MATERIAL TO PROCESS Block Start
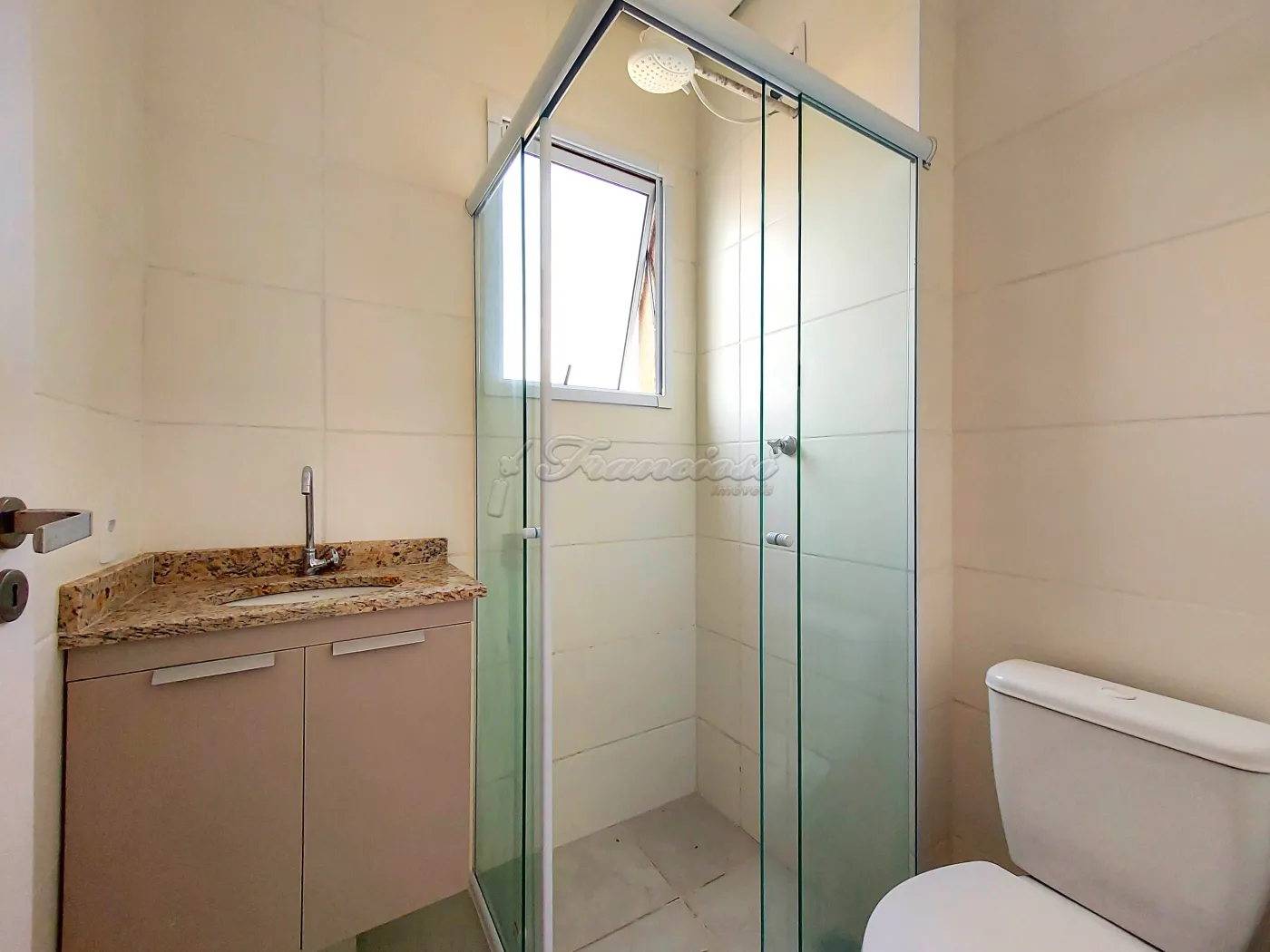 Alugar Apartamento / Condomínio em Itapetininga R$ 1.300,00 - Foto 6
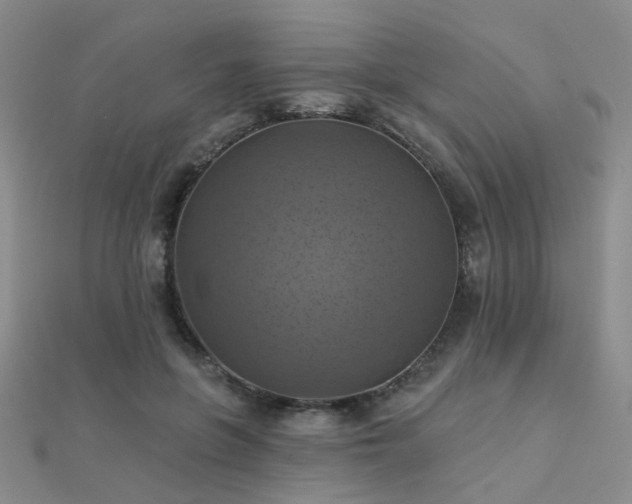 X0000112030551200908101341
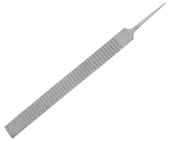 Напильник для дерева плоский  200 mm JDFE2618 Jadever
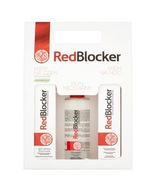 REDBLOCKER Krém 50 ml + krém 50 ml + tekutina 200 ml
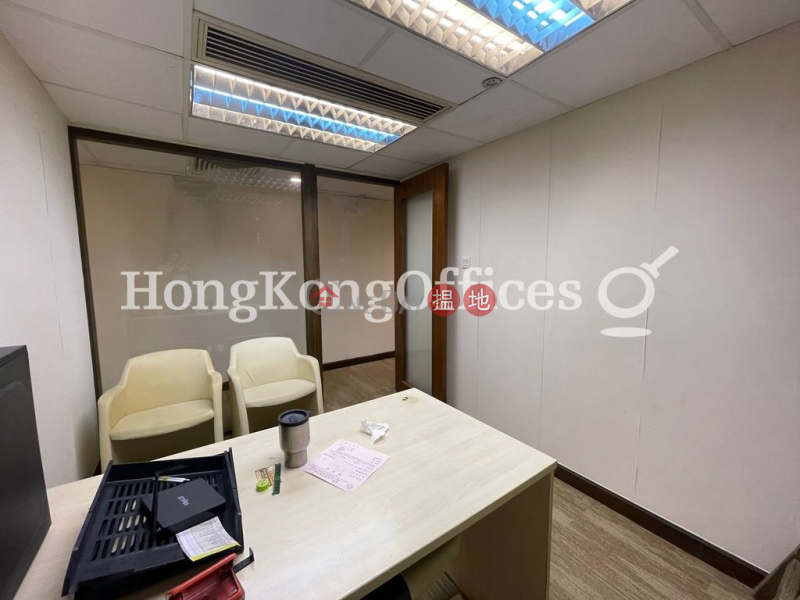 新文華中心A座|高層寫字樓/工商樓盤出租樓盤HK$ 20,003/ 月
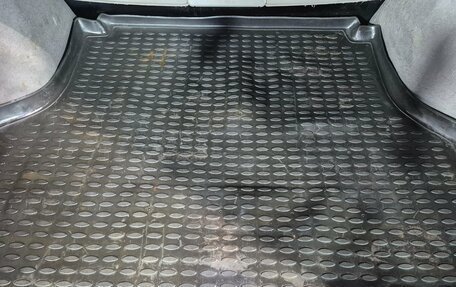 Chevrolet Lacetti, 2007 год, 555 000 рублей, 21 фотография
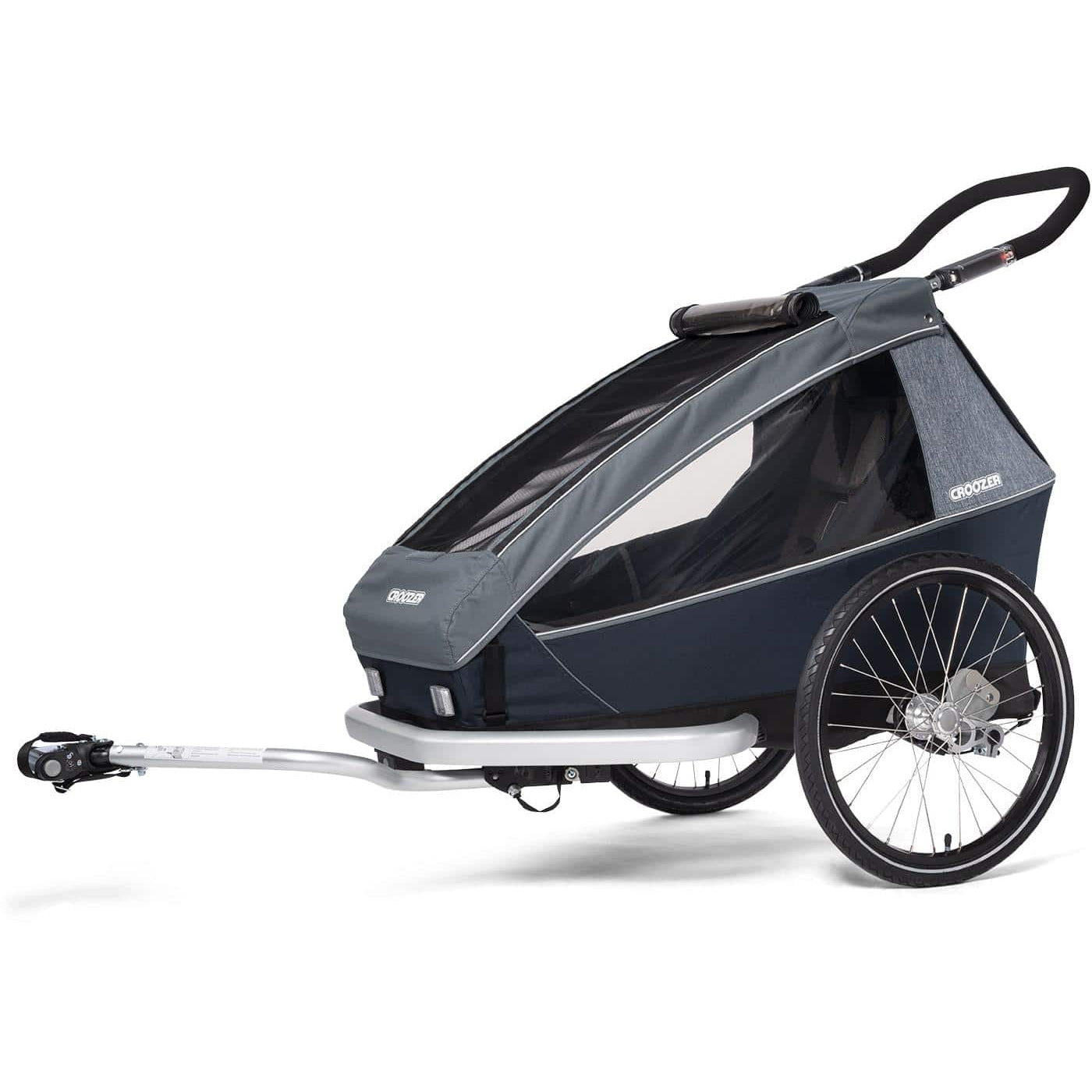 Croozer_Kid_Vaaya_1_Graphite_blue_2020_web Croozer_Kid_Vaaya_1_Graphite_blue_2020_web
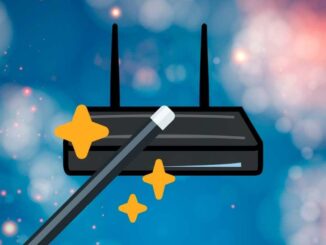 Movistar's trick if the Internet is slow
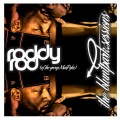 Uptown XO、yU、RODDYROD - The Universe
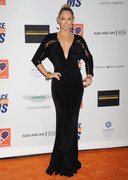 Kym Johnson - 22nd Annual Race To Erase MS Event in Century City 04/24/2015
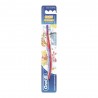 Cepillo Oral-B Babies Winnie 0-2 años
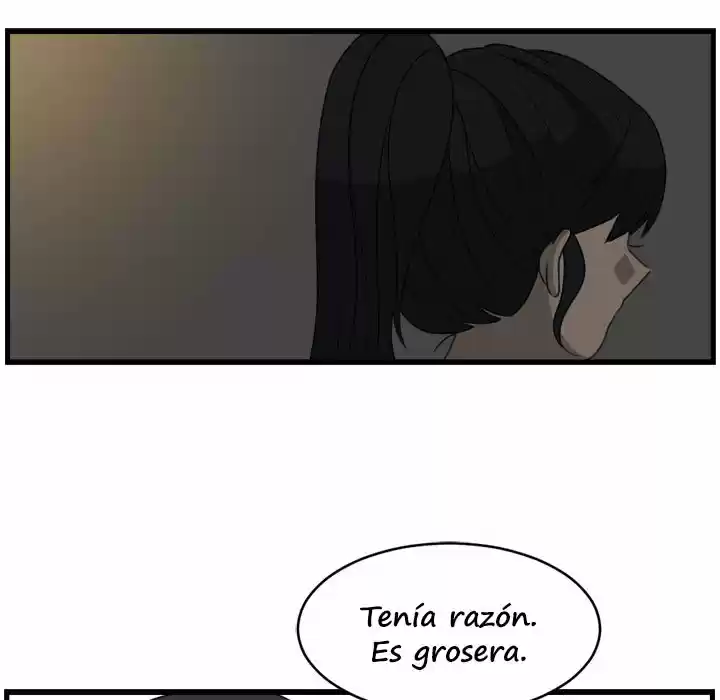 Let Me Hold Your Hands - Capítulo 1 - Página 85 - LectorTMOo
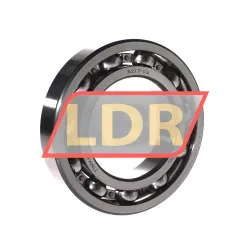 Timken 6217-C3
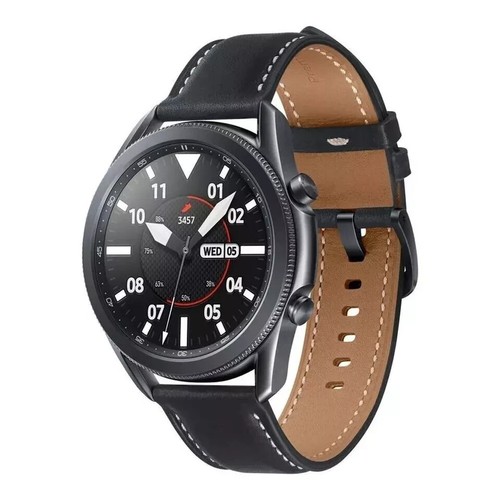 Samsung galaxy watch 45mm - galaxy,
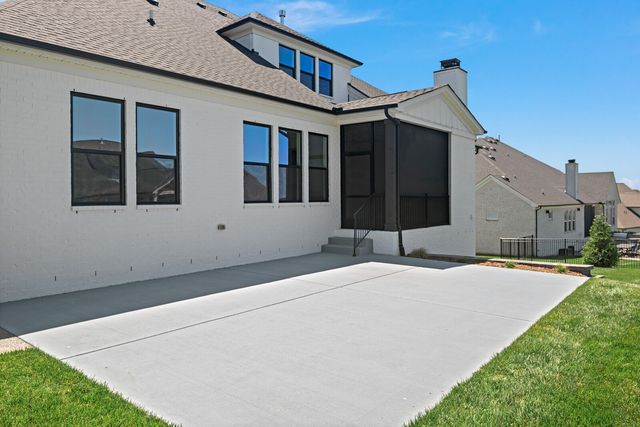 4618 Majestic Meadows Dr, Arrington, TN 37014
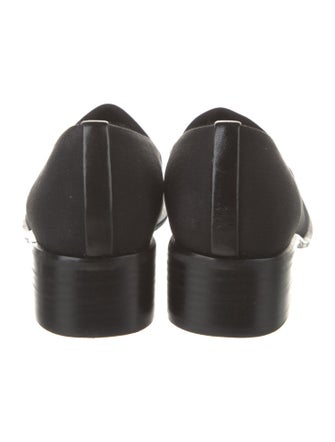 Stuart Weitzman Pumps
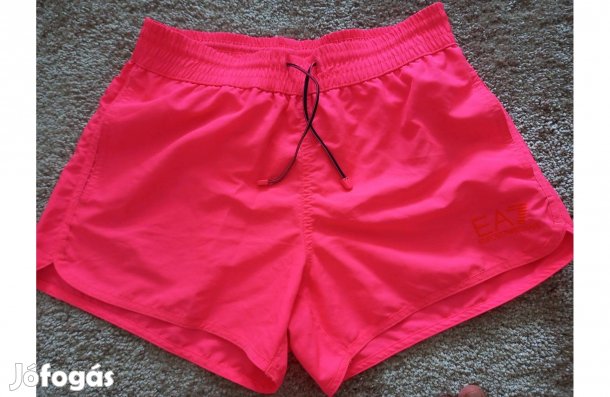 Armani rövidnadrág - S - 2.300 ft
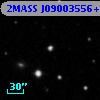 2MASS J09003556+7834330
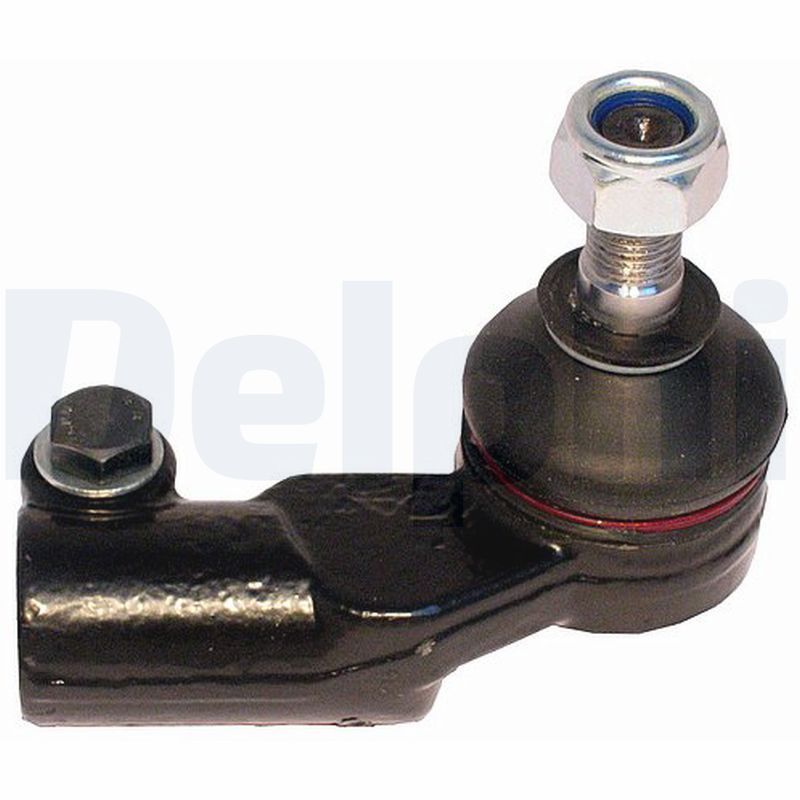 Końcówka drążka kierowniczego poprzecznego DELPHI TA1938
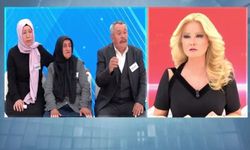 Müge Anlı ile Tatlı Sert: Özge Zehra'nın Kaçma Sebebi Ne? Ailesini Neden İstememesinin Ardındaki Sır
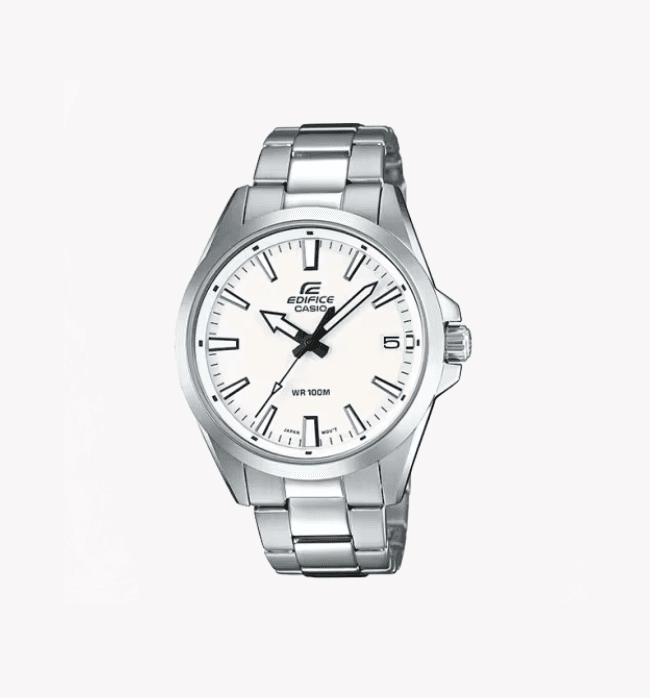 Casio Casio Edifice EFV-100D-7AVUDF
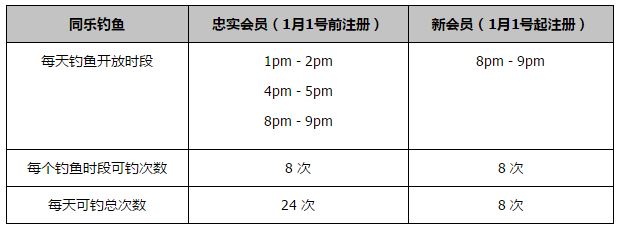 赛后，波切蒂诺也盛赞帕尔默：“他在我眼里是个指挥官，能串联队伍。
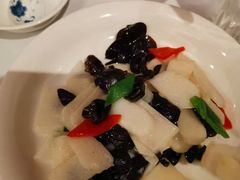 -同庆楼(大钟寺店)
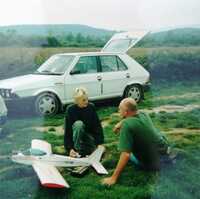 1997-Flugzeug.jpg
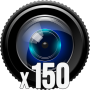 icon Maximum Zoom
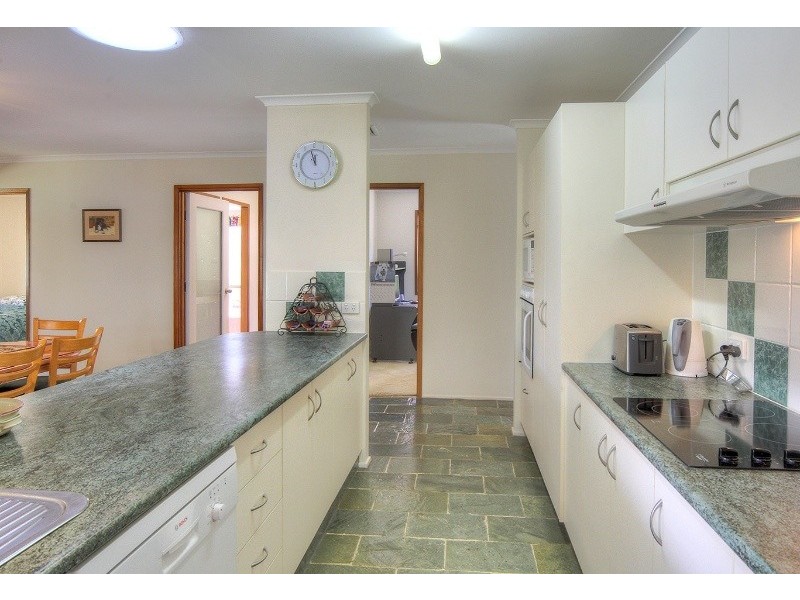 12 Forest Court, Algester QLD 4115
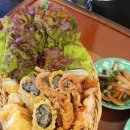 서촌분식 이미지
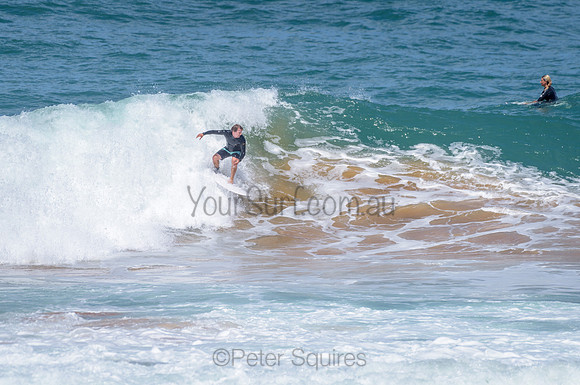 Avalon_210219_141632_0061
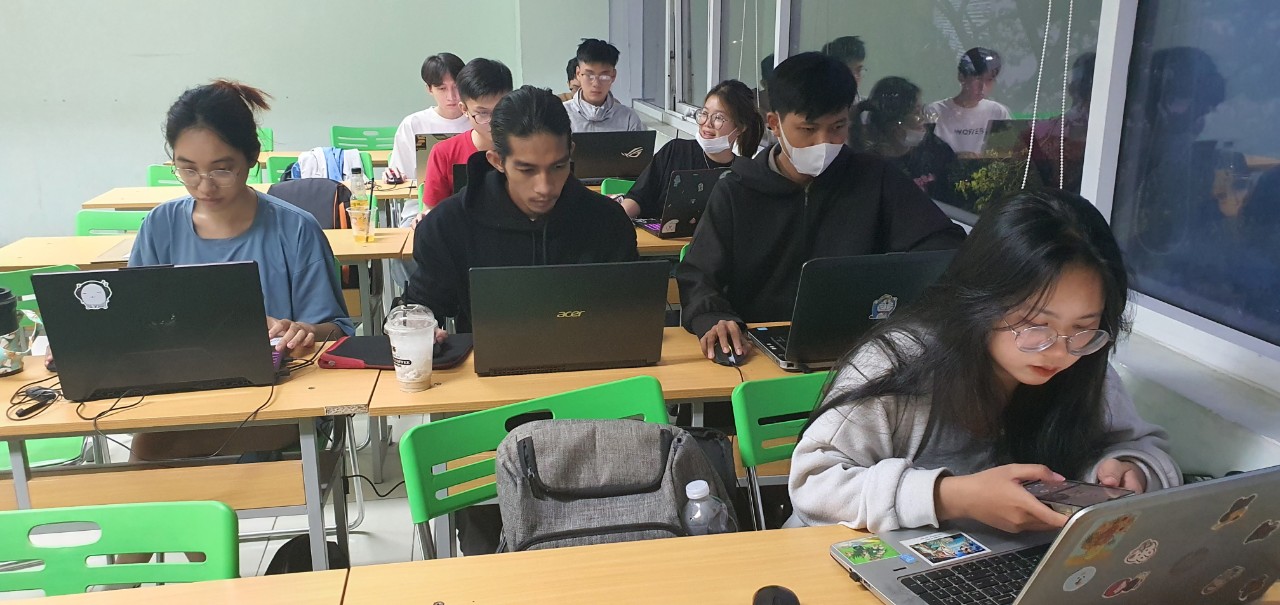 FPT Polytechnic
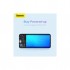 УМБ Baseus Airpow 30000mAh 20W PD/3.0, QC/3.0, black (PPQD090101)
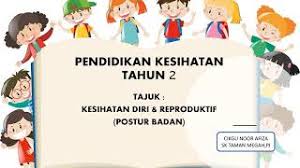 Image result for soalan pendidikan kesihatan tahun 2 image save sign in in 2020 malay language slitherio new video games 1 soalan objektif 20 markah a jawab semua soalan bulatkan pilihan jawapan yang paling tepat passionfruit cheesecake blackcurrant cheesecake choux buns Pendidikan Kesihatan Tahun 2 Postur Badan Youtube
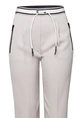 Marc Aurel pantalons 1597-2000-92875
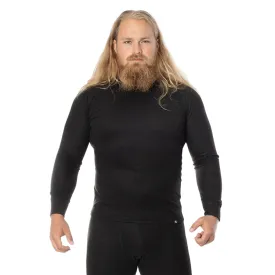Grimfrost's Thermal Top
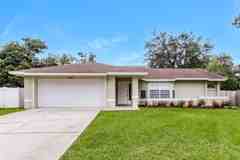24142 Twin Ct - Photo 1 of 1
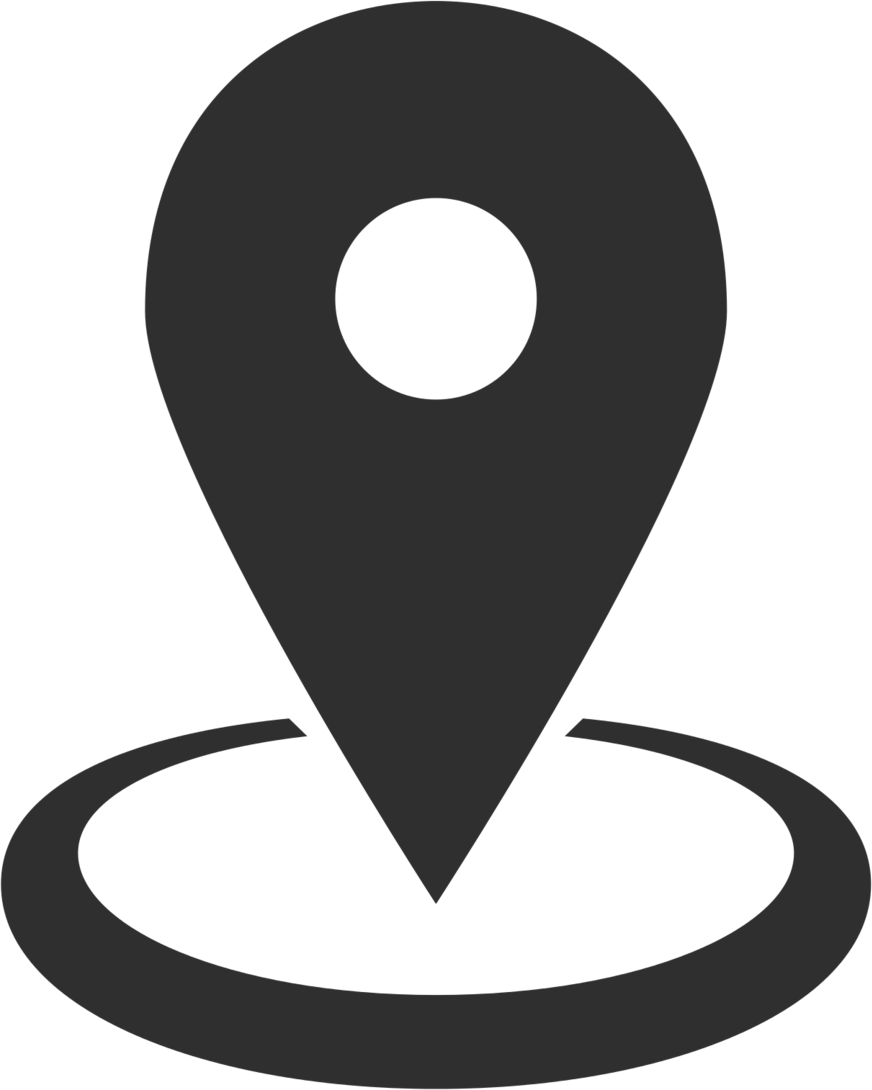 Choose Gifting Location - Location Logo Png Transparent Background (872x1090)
MATERIAL TO PROCESS Block End
WHAT THE EXERCISE ASKS: If a picture sits between the line containing "Samsung galaxy watch" and the line containing "icon Maximum Zoom", leave it out, and return the lines of that range above exactly, both ends included.

RESULT OF THIS EXERCISE:
 Samsung galaxy watch 45mm - galaxy,
 4618 Majestic Meadows Dr, Arrington, TN 37014
 Stuart Weitzman Pumps
 Armani rövidnadrág - S - 2.300 ft
 2MASS J09003556+7834330
 Końcówka drążka kierowniczego poprzecznego DELPHI TA1938
 Müge Anlı ile Tatlı Sert: Özge Zehra'nın Kaçma Sebebi Ne? Ailesini Neden İstememesinin Ardındaki Sır
 Casio Casio Edifice EFV-100D-7AVUDF
 赛后，波切蒂诺也盛赞帕尔默：“他在我眼里是个指挥官，能串联队伍。
 -同庆楼(大钟寺店)
 1997-Flugzeug.jpg
 icon Maximum Zoom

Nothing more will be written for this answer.